Sunday, October 30, 2011

Starting out with Ocaml

There are many thing which they do not tell you about Ocaml right when you start out. This is a stumbling block for many, and in this post, I will cover a few facts which just might help out the beginner a tad bit.

Toplevel

The first look at the toplevel is disheartening.

# let f = fun x : x + 1^[[D^[[D^[[D

The toplevel does not support readline functionality out of the box. This leads to considerable frustration (note that I accidentally wrote a ':' instead of '->' and I tried pressing the left-arrow to try to fix it.

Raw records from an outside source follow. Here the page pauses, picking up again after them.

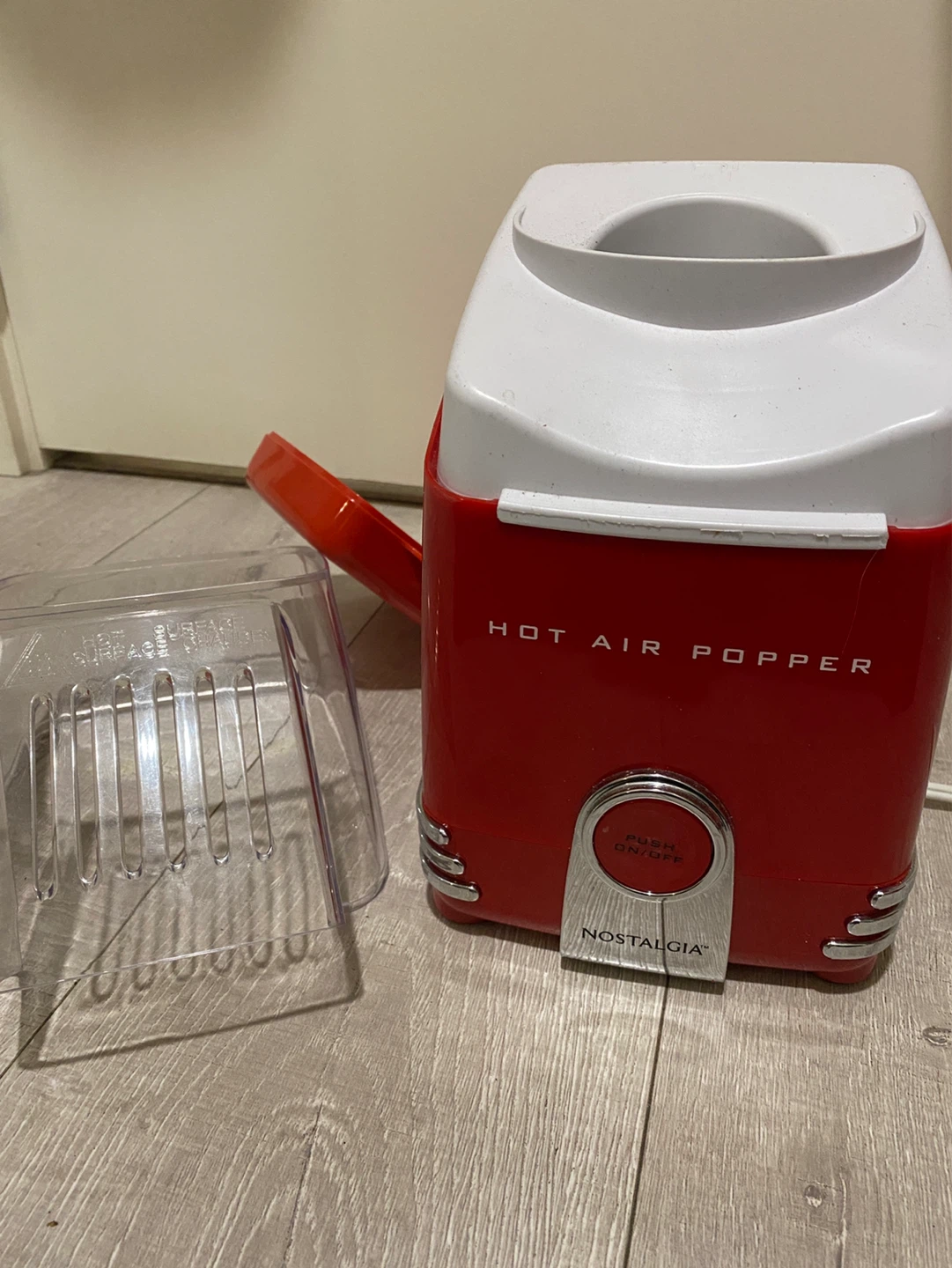 Nostalgia Red Hot Air Popcorn Popper - photo 2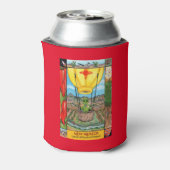 New Mexico Souvenir Hete Luchtballon Alien Burrito Blikjeskoeler (Blikje Achterkant)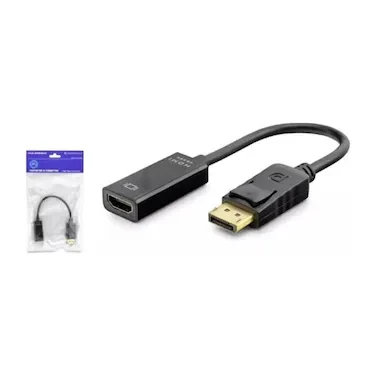HADRON HDX7823 DISPLAY (M) TO HDMI (F) ADAPTÖR 4K 30HZ SİYAH ürün görseli 1
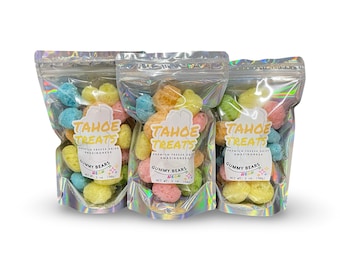 Gevriesdroogde NEON Gummy Bears - Paassnoep Fruitige Soezen - Gemengde smaken - Zelfgemaakt knapperig snoep
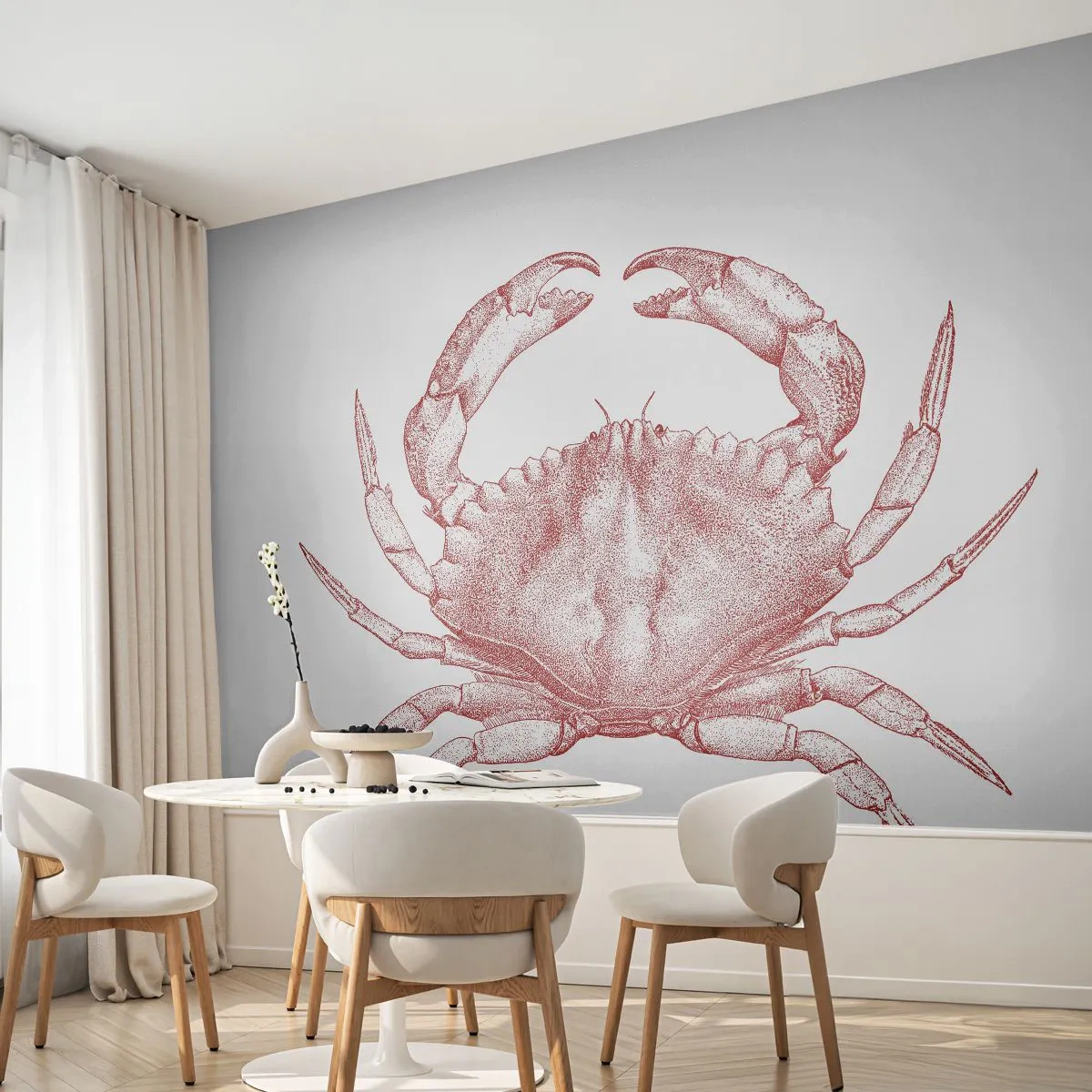 Papier Peint Photo Standard Eco - Le crabe des crabes - Crabe, Fruit de mer, Fruits de mer - 450x315 cm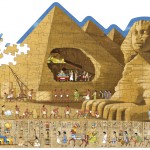 gioco educativo antico egitto ecologico puzzle libro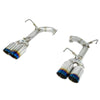 Remark RO-TTVA-D4 fits Subaru WRX Axle Back Exhaust Titanium Double Wall Tip-4in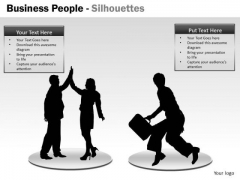 Strategy Diagram Business People Silhouettes Marketing Diagram Strategy Diagram Business People Silhouettes Marketing Diagram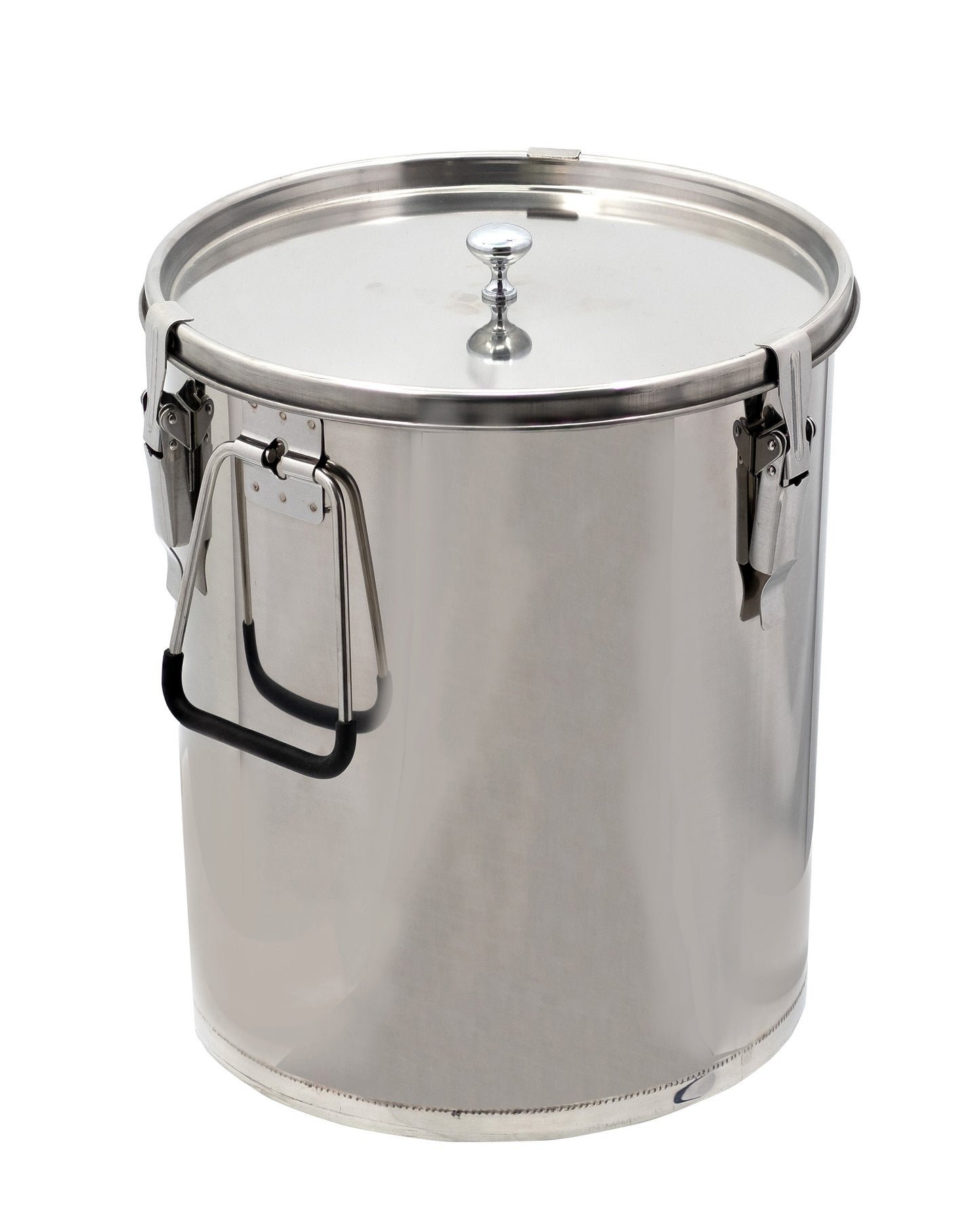 Honiglagerbehälter aus Edelstahl – Platzsparend & Stapelbar (25/30 kg)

However, there exists ledit which can be used to give the REPL some sensible behavior, albeit nothing like iPython's auto-completion.

$ aptitude install ledit
$ ledit ocaml

There are other readline wrappers around too which can provide similar functionality (rlwrap, etc.)

Working with external libraries

Ocaml handles libraries in a very very low-level fashion, and getting things to work correctly from the top-level can be particularly painful. Here are a few tips which may help if you are working with external libraries. Your mileage might vary.

Godi Ocaml

Use Godi's distribution of Ocaml instead of the Debian/Ubuntu packages:

$ aptitude install ocaml      # Not a very good idea

After Godi's installation, it'll take a little effort to set up the path/soft-links to execute the scripts initially, but after that hurdle, the rest is a very smooth ride.

Godi's installation provides some excellent ocaml packages out-of-the-box and does not require root privileges. Also, one of the clinchers is:

$ godi_console

for easy installation of many commonly used packages.

However, getting these packages loaded into the top-level just to play with could be a pain, but there is a remedy.


Topfind

Use topfind to load modules in the top-level and handle dependencies.

# #use "topfind";;
- : unit = ()
Findlib has been successfully loaded. Additional directives:
  #require "package";;      to load a package
  #list;;                   to list the available packages
  #camlp4o;;                to load camlp4 (standard syntax)
  #camlp4r;;                to load camlp4 (revised syntax)
  #predicates "p,q,...";;   to set these predicates
  Topfind.reset();;         to force that packages will be reloaded
  #thread;;                 to enable threads

- : unit = ()
# #require "ZMQ";;
/home/utkarsh/godi/lib/ocaml/site-lib/uint: added to search path
/home/utkarsh/godi/lib/ocaml/site-lib/uint/uint64.cma: loaded
/home/utkarsh/godi/lib/ocaml/site-lib/ZMQ: added to search path
/home/utkarsh/godi/lib/ocaml/site-lib/ZMQ/ZMQB.cma: loaded
#

Finally, there is a way of making your own top-level which loads certain default modules when it starts:

$ ocamlmktop -o my_top_level my_module.cmo your_module.cmo our_module.cmo

Ocamlbrowser
This is available with the godi-ocaml-labltk package which can be installed using godi_console.
This is an near absolute necessity while working with most Ocaml modules, even if they are very well documented. It certainly beats going through the .mli files of the packages.

I still have to try out the Eclipse's Ocaml IDE to see whether it can replace ocamlbrowser with intellisense.